## Task prompt
Each entry that follows is to be duplicated exactly, without its images.

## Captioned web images
Content starts

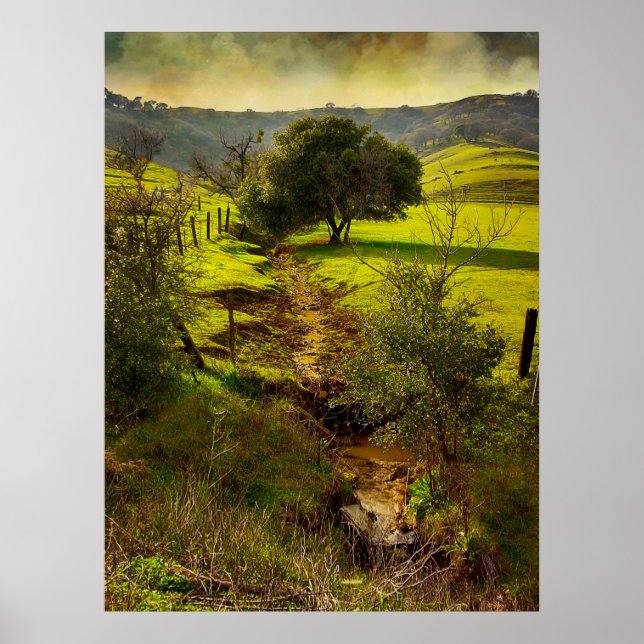 Rolling Oaks Impressão (Frente)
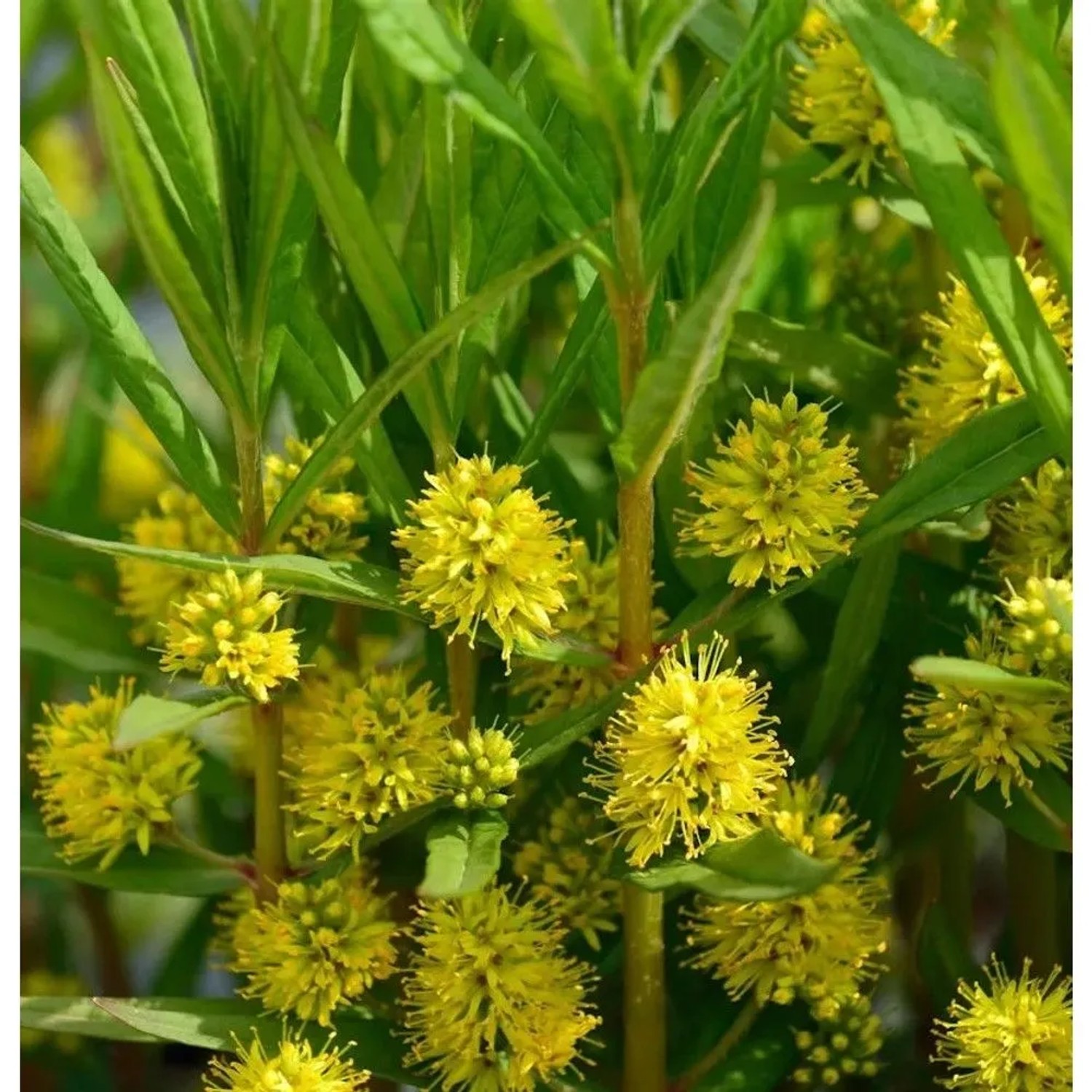 Strauß Felberich - Lysimachia thyrisflora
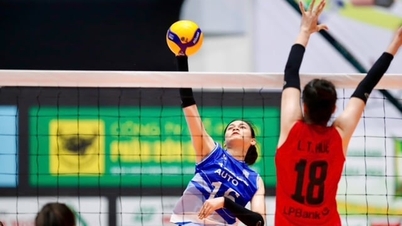 Programma e informazioni sulla trasmissione delle finali della Coppa di pallavolo femminile VTV9-Binh Dien 2026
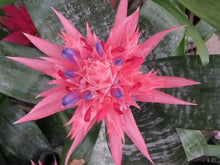 Load image into Gallery viewer, MEDIUM SIZE~Aechma Fasiata Bromeliad~AKA~ Silver King or Silver Vase~~ROOTED PLANT~SHIPPED BARE ROOT!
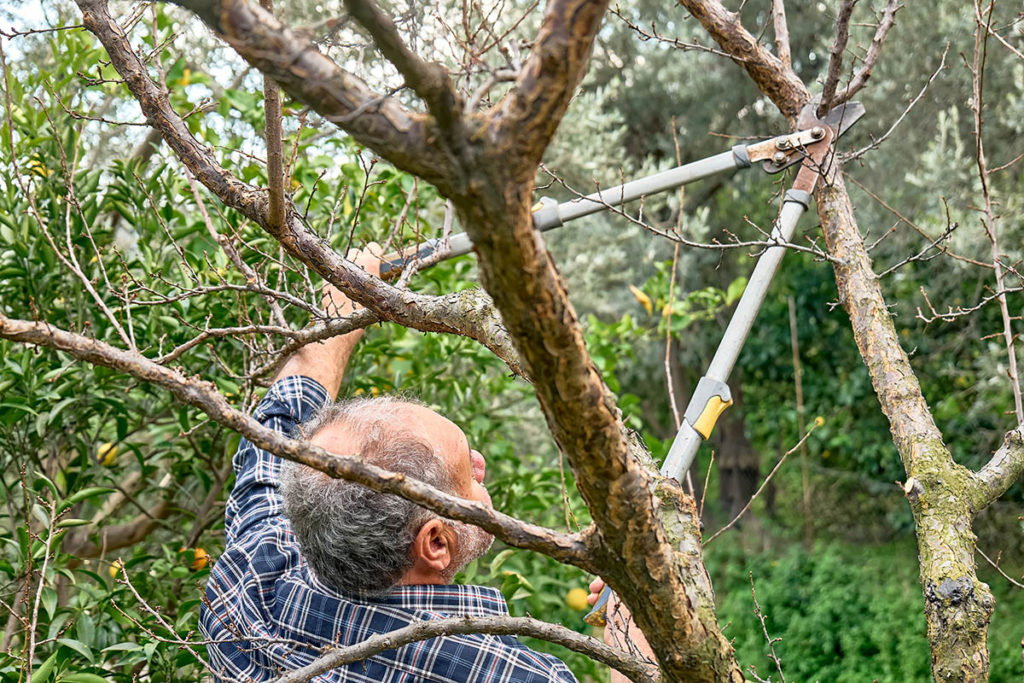 a man tree trimming his trees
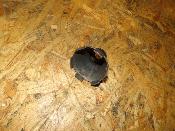 cloche de lanceur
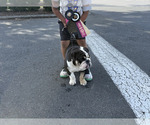Small Photo #1 Bulldog Breeder Profile in LOCUST, NC, USA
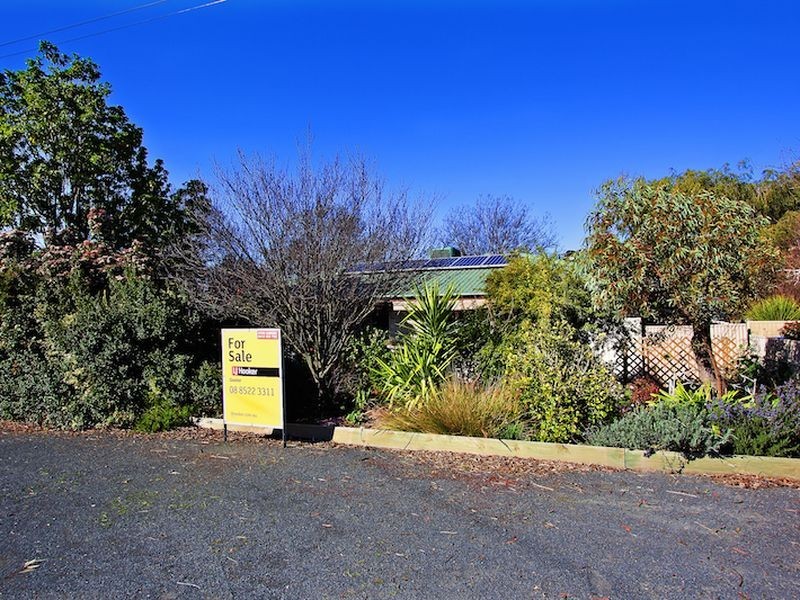 38 Borrow Street, Freeling SA 5372
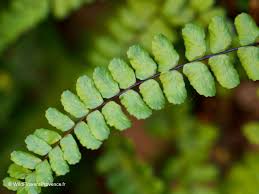 Image result for Asplenium mannii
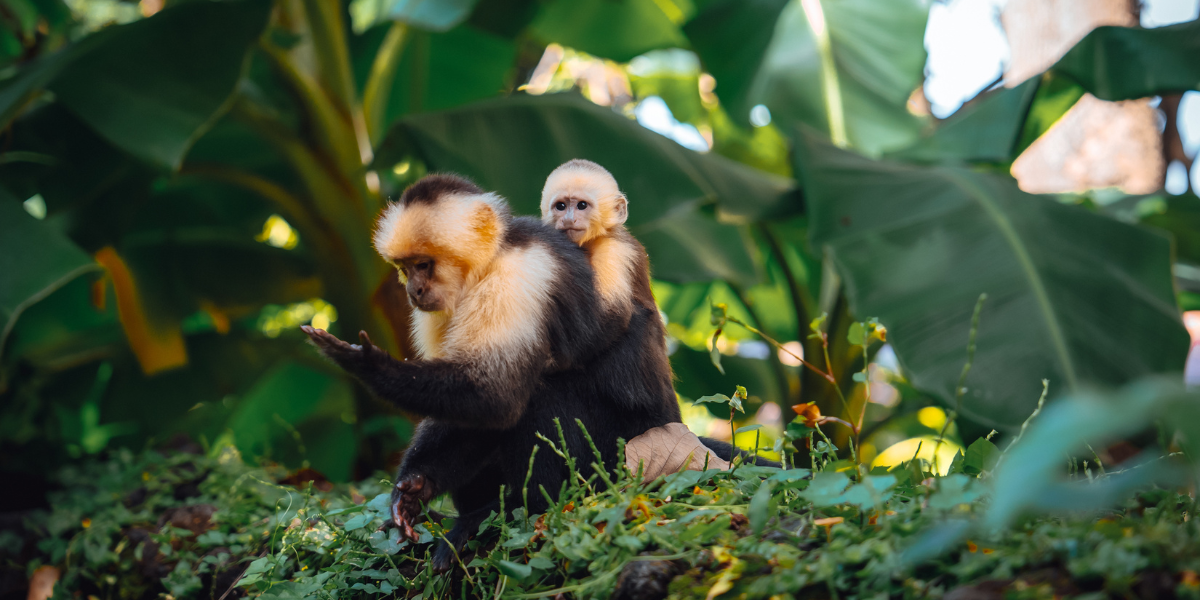 Au coeur d'une nature époustouflante ! 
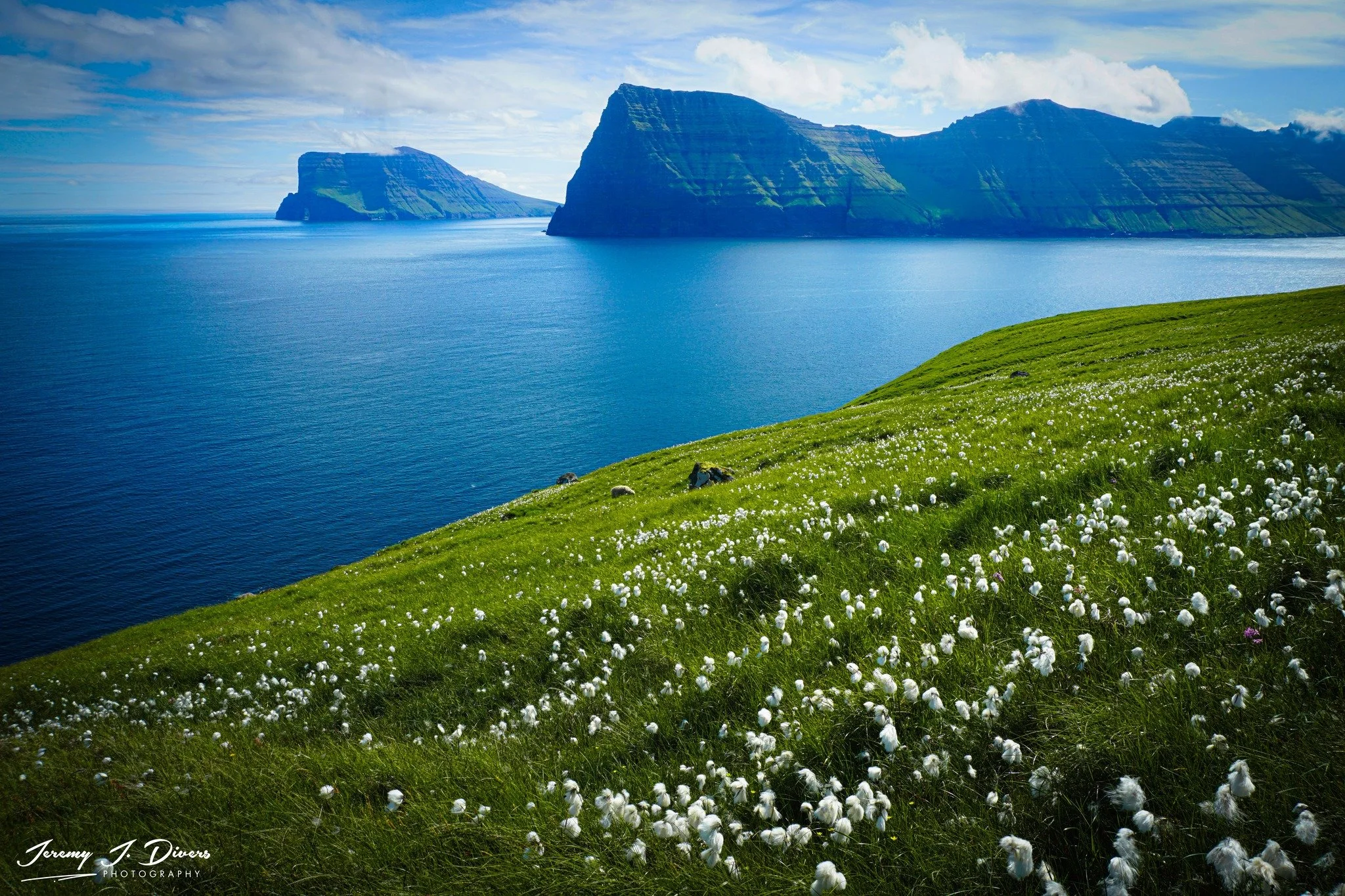 "Cotton Grass" Views of Kunoy and Viðoy Islands, Faroe Islands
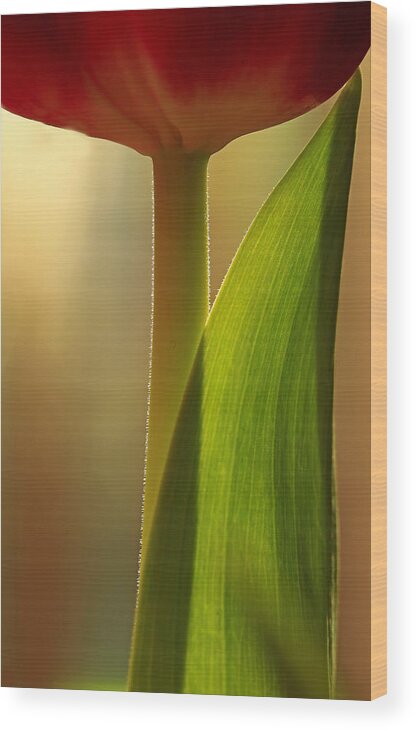 Flower Wood Print featuring the photograph Vertical Tulip by Bob Cournoyer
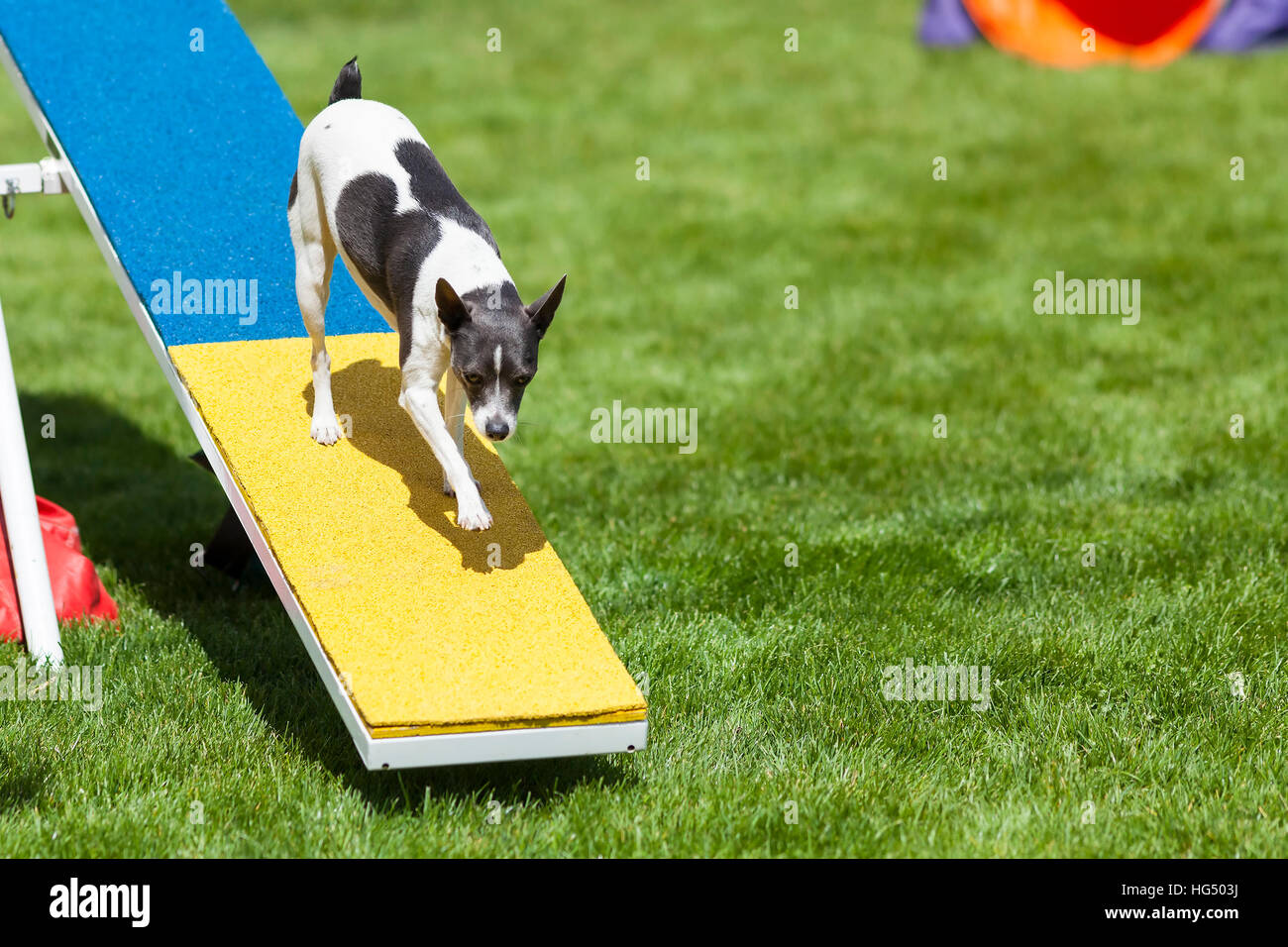 Agility Dog on SeeSaw or Teeter Totter Stock Photo Alamy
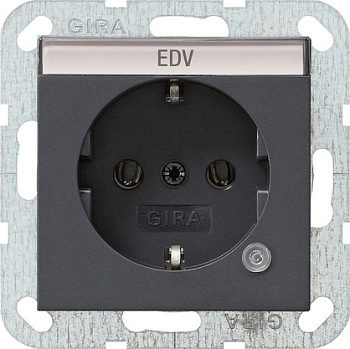 Gira Розетка с з/к и контрольной лампой и полем для надписи 045228
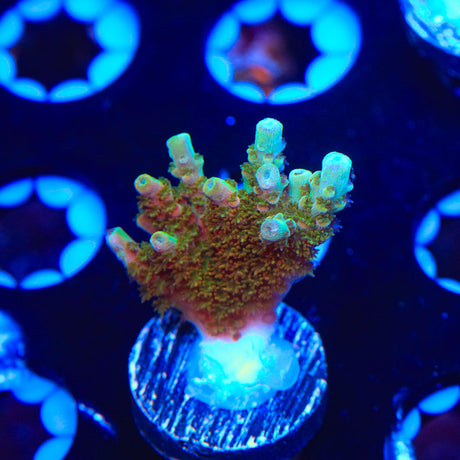 TSA Bill Murray Acropora Coral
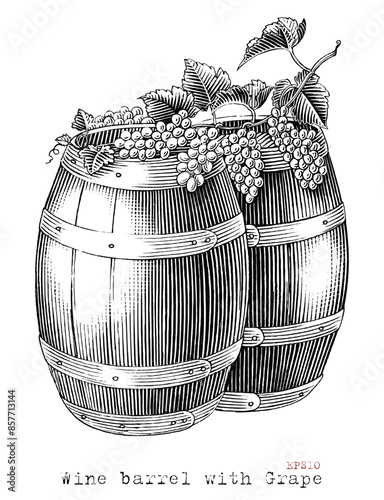 Wine barrels with grape hand drawing vintage style black and white clip art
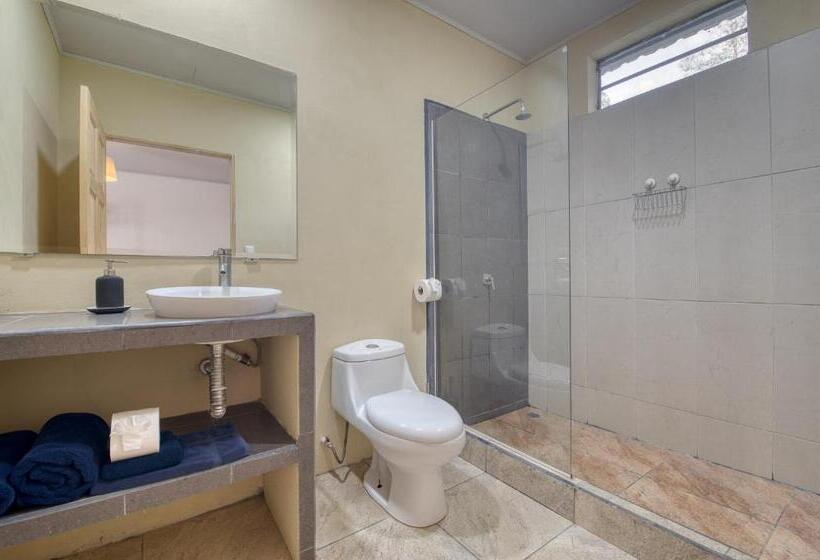 דירת חדר, La Tica Y La Gata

Content ends

## Answer area
 Rolling Oaks Impressão (Frente)
 Strauß Felberich - Lysimachia thyrisflora
 Programma e informazioni sulla trasmissione delle finali della Coppa di pallavolo femminile VTV9-Binh Dien 2026
 Load image into Gallery viewer, MEDIUM SIZE~Aechma Fasiata Bromeliad~AKA~ Silver King or Silver Vase~~ROOTED PLANT~SHIPPED BARE ROOT!
 a man tree trimming his trees
 cloche de lanceur
Small Photo #1 Bulldog Breeder Profile in LOCUST, NC, USA
 38 Borrow Street, Freeling SA 5372
 Image result for Asplenium mannii
 Au coeur d'une nature époustouflante ! 
 "Cotton Grass" Views of Kunoy and Viðoy Islands, Faroe Islands
 Flower Wood Print featuring the photograph Vertical Tulip by Bob Cournoyer
 Agility Dog on SeeSaw or Teeter Totter Stock Photo Alamy
 Gira Розетка с з/к и контрольной лампой и полем для надписи 045228
 TSA Bill Murray Acropora Coral
 Wine barrels with grape hand drawing vintage style black and white clip art
 דירת חדר, La Tica Y La Gata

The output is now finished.